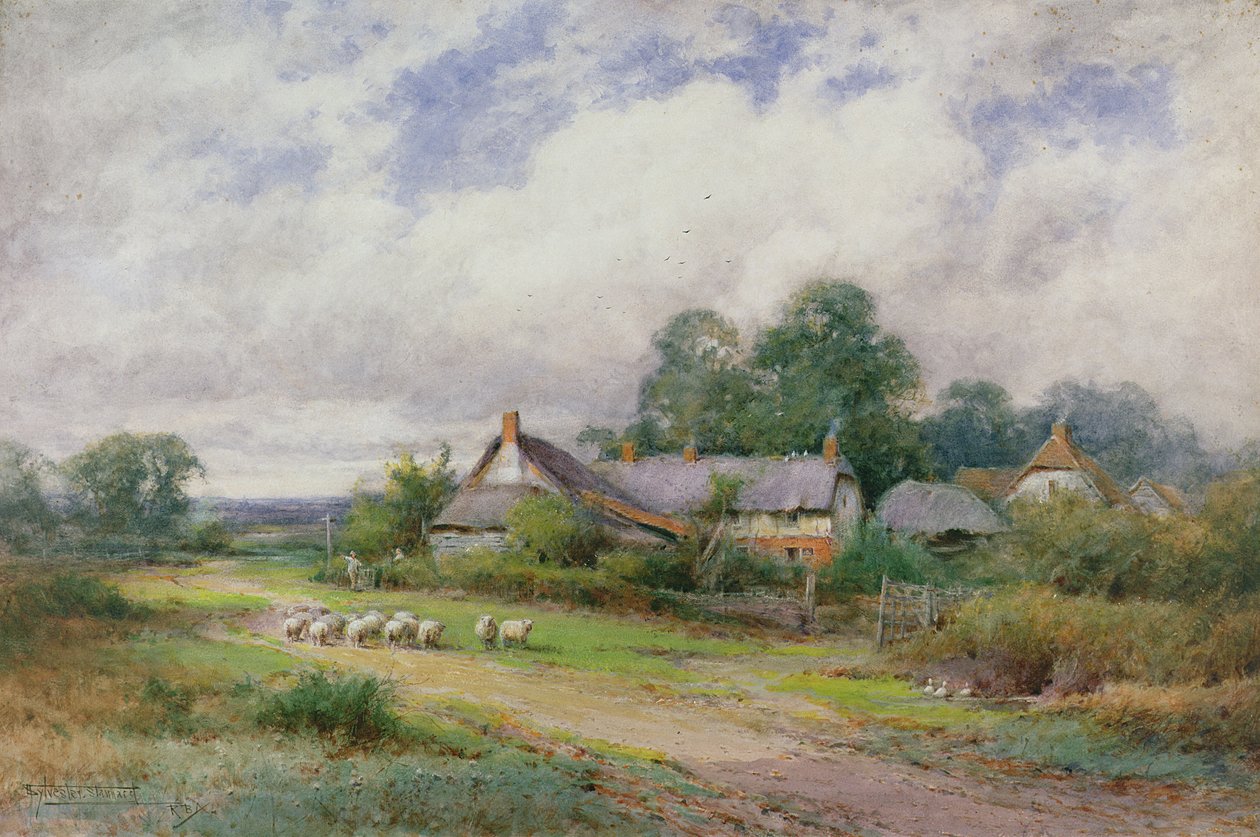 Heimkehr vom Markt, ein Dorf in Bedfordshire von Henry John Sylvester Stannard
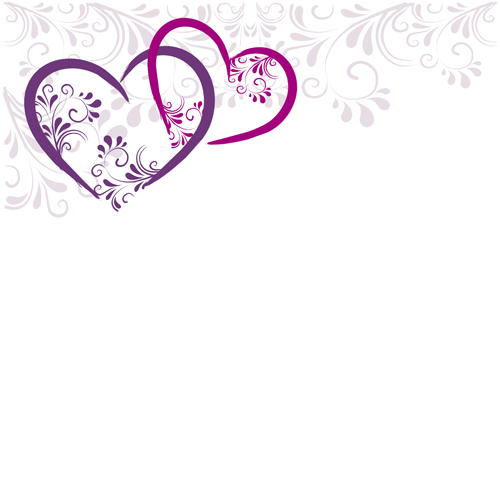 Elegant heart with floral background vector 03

...

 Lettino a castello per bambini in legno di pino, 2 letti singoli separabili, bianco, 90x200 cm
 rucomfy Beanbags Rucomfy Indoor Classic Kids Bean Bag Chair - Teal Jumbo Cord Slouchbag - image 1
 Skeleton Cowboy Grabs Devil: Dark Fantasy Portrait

---

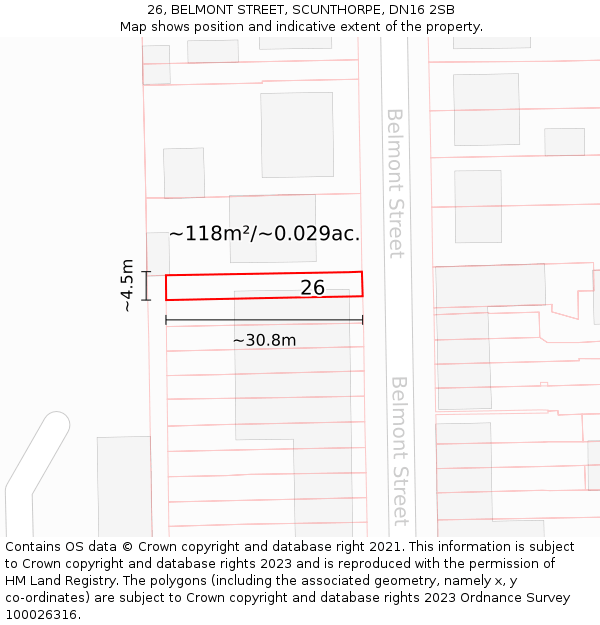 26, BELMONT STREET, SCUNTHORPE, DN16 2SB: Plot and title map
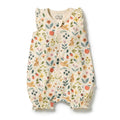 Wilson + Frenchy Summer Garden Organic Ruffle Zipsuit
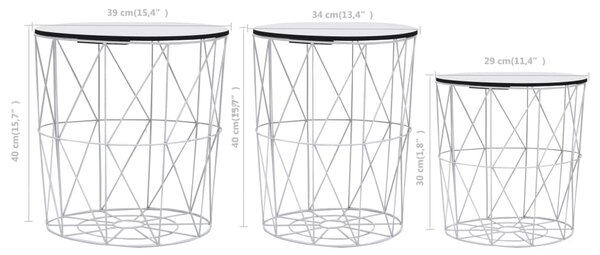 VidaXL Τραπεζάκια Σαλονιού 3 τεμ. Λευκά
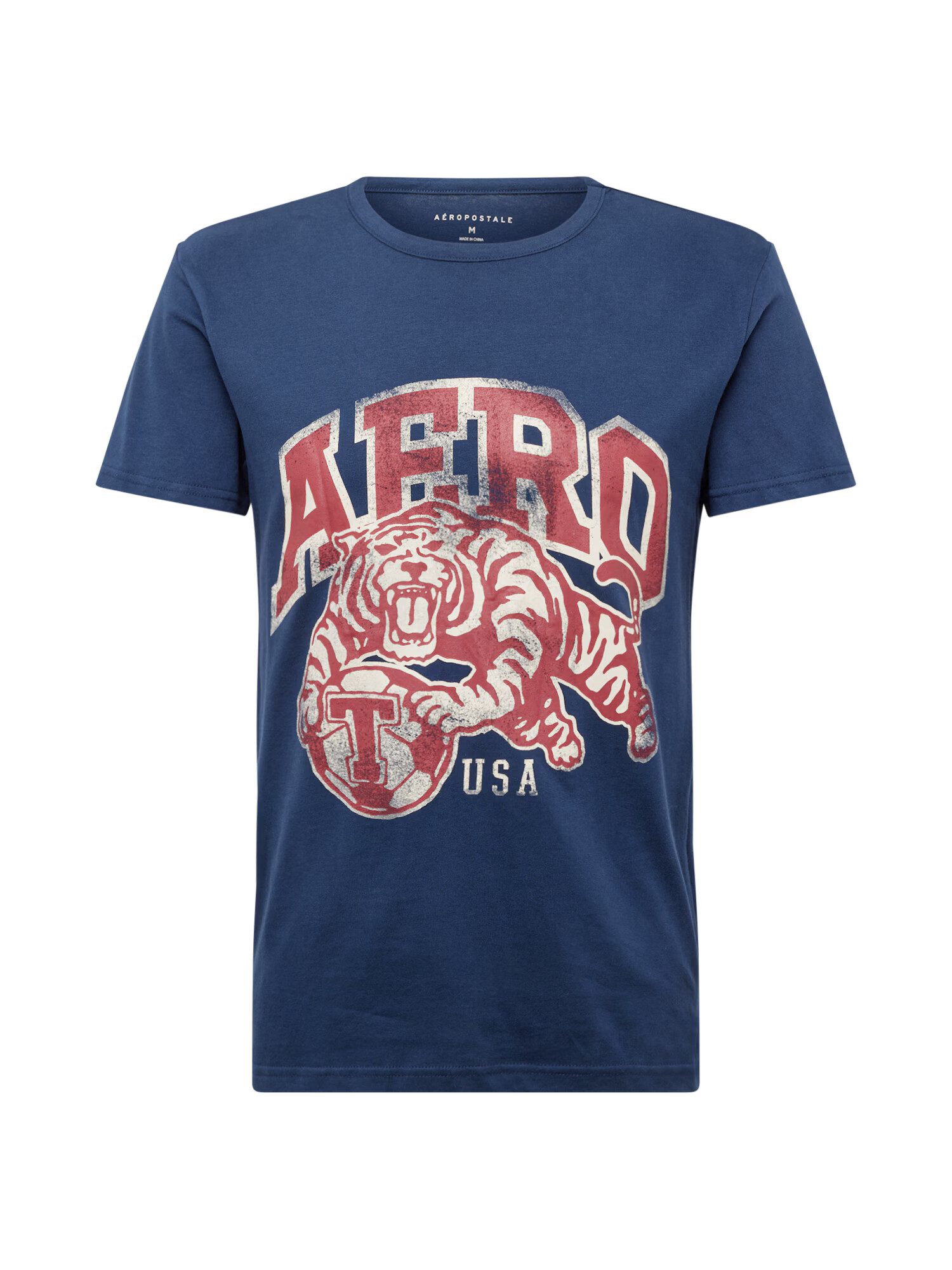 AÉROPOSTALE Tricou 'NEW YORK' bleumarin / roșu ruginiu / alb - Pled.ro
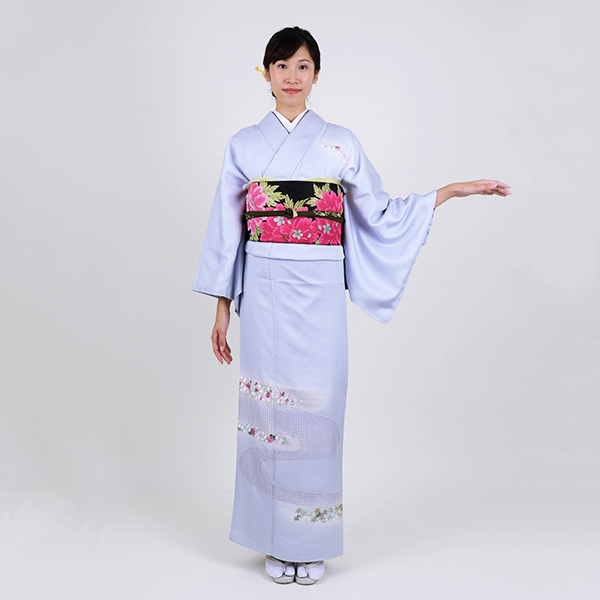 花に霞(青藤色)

● TASK DETAILS
Within the material above, output exactly the lines from the one with "Lettino a castello" through the one with "Skeleton Cowboy Grabs", end lines included, and nothing besides.

● RESULT
 Lettino a castello per bambini in legno di pino, 2 letti singoli separabili, bianco, 90x200 cm
 rucomfy Beanbags Rucomfy Indoor Classic Kids Bean Bag Chair - Teal Jumbo Cord Slouchbag - image 1
 Skeleton Cowboy Grabs Devil: Dark Fantasy Portrait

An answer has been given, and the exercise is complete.